Himes dismisses the skepticism about the use case for a CBDC by comparing the digital currency ecosystem of today to the internet of the 1990s, which was born out of the military research agency DARPA.

“With innovation, oftentimes the amazing uses are not not immediately visible,” Himes told American Banker. “The tradition of the public sector, the government, doing what it does best, and letting the private sector build on top of it, I actually think is a really good model for CBDC.”

The Fed has remained neutral on whether it would prefer to see a CBDC implemented. Even Brainard’s most recent comments — in which she warned that not creating a government-backed digital currency runs the risk of digital payments being cornered by private entities — stopped short of a full endorsement. Other Fed officials are opposed to the idea — Gov. Christopher Waller called a CBDC a “solution in search of a problem.”

Still, the Fed has continued to study the implications of a digital dollar through its Project Hamilton initiative, a joint effort between the Federal Reserve Bank of Boston and the Massachusetts Institute of Technology. 

Himes said the Fed is wise to stay up to speed on the topic of CBDCs without getting ahead of Congress. He noted that it could take an exogenous event to motivate his colleagues to pass authorizing legislation on the matter — which he said he is working on drafting — but he noted that sentiments on this matter are evolving rapidly.

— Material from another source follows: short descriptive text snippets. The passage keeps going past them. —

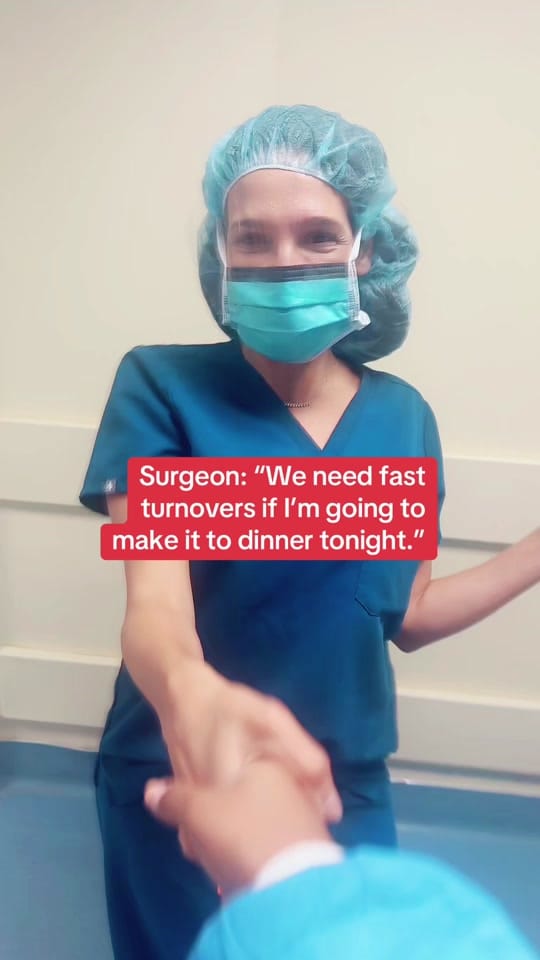 Post 6 by Dina M.  MD on TikTok (video)
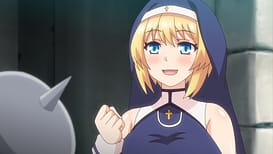 聖痕のアリア 第1話 冒険の始まり、聖なるご奉仕 / Image 1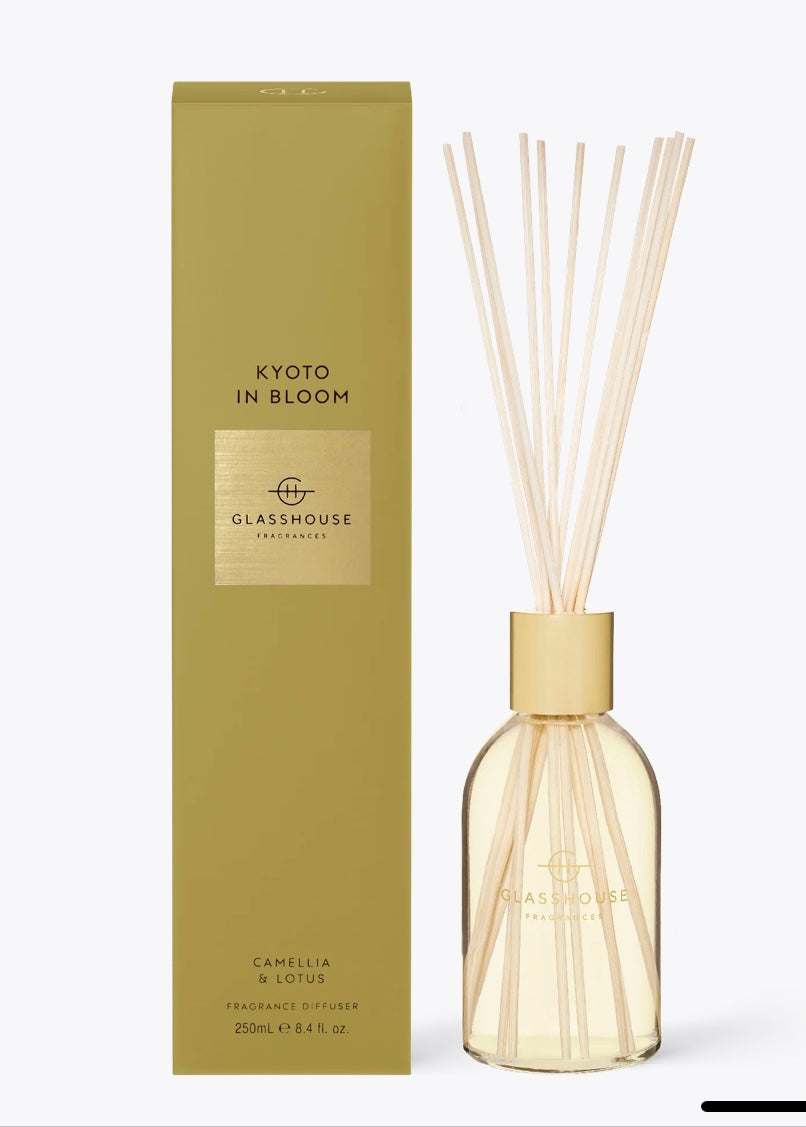 Glasshouse Fragrances KYOTO BLOOM DIFFUSER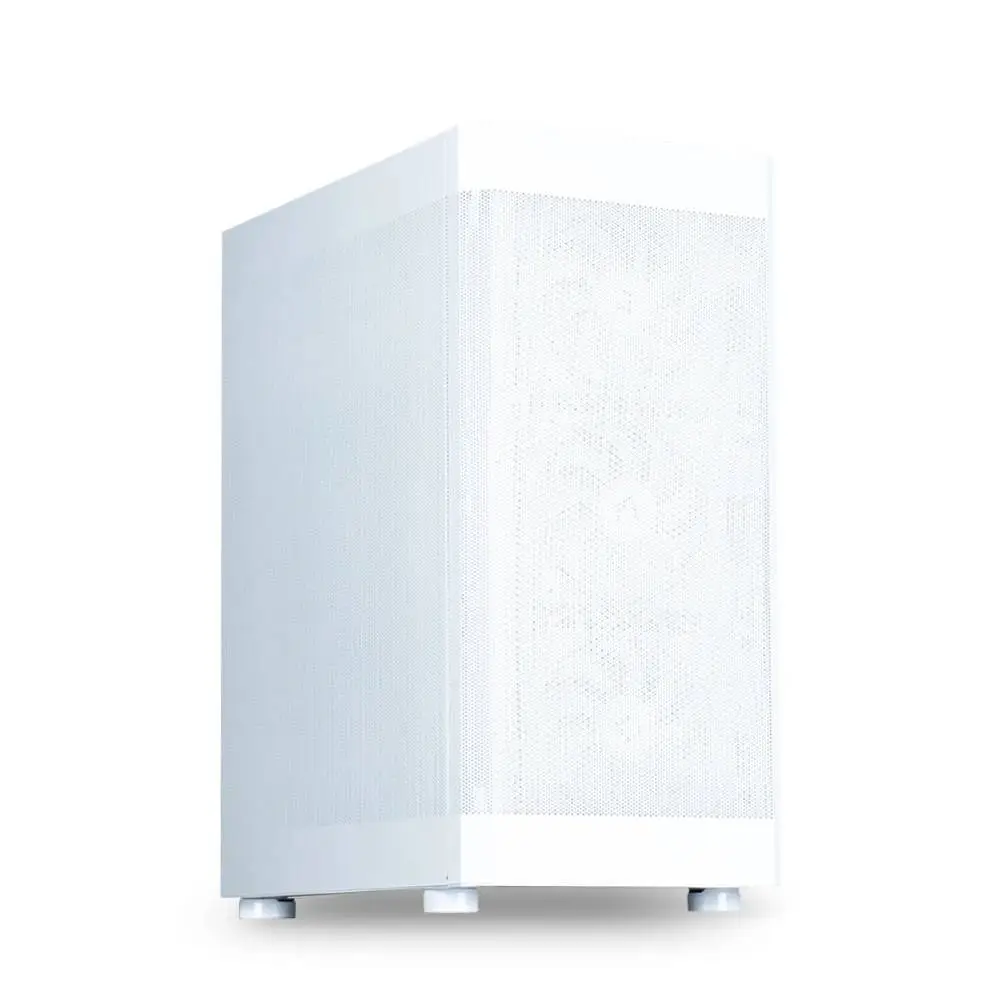 Кутия Zalman I4 White Full Mesh Case ATX, 6 fans included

“If the U.K. or the EU or Japan suddenly announces a CBDC with all kinds of investment innovation happening, that would be a kick in the pants for the Congress,” Himes said. “But in the meantime, remember that five years ago, very few people in Congress had any idea what a cryptocurrency was. We've made a lot of progress, and I think we need to continue to educate and contemplate these issues.”